• [Data excerpts]
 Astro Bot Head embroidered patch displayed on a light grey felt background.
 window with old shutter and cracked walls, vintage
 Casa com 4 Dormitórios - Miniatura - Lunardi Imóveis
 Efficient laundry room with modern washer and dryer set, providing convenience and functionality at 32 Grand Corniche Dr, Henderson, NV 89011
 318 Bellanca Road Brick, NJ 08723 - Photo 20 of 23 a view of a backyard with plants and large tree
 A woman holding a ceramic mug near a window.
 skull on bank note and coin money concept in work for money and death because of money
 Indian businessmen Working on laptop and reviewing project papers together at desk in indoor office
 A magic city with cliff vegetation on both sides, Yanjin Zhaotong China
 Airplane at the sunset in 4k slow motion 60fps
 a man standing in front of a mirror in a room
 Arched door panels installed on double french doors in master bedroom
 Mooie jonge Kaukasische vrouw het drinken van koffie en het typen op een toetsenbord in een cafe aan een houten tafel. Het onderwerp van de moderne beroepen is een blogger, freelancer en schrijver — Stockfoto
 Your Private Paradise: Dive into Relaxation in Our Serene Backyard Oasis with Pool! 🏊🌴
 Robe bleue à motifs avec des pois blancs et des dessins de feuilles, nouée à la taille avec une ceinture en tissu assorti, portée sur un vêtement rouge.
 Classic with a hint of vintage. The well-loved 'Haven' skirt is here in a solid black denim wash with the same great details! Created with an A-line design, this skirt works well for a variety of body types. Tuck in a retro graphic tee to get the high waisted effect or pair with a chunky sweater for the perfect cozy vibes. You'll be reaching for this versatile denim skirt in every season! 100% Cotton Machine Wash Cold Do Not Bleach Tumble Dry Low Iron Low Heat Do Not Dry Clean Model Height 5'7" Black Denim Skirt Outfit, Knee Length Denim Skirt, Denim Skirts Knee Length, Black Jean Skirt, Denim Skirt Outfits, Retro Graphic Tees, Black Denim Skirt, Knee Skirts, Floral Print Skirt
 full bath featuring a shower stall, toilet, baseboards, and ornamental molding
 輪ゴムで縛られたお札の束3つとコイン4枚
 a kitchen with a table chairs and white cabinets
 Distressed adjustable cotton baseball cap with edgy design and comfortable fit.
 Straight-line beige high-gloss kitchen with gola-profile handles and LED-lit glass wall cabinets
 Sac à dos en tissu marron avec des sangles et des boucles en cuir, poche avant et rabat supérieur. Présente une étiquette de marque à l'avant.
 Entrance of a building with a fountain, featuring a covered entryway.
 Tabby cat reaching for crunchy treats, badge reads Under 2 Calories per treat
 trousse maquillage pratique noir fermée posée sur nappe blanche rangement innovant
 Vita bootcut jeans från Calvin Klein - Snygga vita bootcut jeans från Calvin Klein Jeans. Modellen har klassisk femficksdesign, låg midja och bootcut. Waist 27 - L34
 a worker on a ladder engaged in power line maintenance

• [Required action]
Identify each line in the records above that contains the word "featuring", and copy it out in full.

• [Response for this exercise]
 full bath featuring a shower stall, toilet, baseboards, and ornamental molding
 Entrance of a building with a fountain, featuring a covered entryway.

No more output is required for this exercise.